▶ Problem statement:
Filter the data for lines with the word "Adopt" and copy those lines.

▶ Material supplied:

★ ★ ★ ★

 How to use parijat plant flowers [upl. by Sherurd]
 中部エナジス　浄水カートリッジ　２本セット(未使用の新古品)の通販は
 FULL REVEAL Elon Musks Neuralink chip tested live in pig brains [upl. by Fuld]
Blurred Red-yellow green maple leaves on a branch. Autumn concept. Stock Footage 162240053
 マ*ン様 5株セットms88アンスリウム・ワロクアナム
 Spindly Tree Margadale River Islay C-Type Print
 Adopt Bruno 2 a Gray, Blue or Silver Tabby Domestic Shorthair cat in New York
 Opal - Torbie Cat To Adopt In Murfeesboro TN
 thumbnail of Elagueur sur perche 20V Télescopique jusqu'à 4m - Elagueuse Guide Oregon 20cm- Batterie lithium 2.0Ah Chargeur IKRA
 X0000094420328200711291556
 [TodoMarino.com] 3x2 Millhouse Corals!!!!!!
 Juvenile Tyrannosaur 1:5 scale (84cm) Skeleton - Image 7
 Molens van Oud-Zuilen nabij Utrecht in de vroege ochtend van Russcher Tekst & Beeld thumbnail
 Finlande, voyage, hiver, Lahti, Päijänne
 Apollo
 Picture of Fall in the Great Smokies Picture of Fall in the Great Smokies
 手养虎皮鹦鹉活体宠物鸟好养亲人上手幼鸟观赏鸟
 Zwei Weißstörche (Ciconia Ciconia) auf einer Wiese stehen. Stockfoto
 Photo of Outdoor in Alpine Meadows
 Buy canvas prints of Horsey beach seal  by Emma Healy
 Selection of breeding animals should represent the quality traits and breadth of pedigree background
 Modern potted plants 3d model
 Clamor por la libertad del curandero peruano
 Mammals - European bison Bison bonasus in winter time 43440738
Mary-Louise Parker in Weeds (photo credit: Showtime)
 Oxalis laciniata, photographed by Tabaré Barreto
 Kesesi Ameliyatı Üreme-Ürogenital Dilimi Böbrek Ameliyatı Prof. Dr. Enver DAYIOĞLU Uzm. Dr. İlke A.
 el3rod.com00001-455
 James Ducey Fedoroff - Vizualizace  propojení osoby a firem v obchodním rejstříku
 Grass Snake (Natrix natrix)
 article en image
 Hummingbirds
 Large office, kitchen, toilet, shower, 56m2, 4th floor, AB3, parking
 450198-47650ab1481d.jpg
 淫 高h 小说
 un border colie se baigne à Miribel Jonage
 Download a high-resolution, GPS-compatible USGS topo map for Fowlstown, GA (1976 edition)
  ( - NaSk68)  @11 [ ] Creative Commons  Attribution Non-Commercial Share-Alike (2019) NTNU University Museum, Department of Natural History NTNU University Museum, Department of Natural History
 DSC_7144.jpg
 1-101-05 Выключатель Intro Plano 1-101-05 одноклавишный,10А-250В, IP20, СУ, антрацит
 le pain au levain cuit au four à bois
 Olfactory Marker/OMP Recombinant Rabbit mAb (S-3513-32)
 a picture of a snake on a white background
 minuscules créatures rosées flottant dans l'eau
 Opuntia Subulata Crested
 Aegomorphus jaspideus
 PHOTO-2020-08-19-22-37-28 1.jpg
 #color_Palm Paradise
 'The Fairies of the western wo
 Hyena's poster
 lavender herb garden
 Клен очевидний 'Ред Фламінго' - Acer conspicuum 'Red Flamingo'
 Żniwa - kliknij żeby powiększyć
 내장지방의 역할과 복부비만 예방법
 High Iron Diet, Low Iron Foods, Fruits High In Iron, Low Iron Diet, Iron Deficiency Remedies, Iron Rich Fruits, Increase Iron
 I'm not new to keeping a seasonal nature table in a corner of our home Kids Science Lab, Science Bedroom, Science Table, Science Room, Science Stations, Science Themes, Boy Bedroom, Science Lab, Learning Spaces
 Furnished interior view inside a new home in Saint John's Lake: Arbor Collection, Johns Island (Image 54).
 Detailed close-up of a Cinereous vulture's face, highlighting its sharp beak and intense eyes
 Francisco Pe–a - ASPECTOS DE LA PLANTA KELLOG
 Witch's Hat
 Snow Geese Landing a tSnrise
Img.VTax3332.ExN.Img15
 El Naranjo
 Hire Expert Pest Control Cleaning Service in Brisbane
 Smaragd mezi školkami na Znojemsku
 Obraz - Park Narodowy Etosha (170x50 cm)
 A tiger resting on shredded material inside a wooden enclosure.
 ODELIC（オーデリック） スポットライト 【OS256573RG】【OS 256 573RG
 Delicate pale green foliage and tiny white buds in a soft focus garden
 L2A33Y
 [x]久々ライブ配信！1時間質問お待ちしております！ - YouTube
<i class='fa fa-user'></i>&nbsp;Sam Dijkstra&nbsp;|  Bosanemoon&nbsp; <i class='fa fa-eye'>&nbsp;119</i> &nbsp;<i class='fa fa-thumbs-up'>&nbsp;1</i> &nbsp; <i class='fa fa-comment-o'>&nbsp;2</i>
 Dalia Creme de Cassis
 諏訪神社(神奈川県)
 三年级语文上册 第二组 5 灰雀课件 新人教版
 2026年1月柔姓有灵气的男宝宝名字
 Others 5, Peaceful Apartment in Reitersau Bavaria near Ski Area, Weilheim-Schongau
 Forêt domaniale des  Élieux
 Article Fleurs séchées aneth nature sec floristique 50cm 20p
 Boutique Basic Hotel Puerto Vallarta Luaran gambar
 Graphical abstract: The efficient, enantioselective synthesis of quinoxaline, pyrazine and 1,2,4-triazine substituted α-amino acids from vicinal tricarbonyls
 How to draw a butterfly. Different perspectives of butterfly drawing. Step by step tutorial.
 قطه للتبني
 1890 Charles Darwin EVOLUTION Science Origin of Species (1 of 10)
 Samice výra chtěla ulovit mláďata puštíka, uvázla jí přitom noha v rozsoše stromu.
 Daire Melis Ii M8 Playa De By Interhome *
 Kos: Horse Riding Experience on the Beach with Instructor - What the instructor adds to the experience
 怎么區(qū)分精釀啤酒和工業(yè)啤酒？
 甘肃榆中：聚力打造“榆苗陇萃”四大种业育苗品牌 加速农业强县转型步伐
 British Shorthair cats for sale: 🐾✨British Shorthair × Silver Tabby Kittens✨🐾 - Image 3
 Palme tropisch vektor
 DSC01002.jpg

★ ★ ★ ★

▶ Solution for this exercise:
 Adopt Bruno 2 a Gray, Blue or Silver Tabby Domestic Shorthair cat in New York
 Opal - Torbie Cat To Adopt In Murfeesboro TN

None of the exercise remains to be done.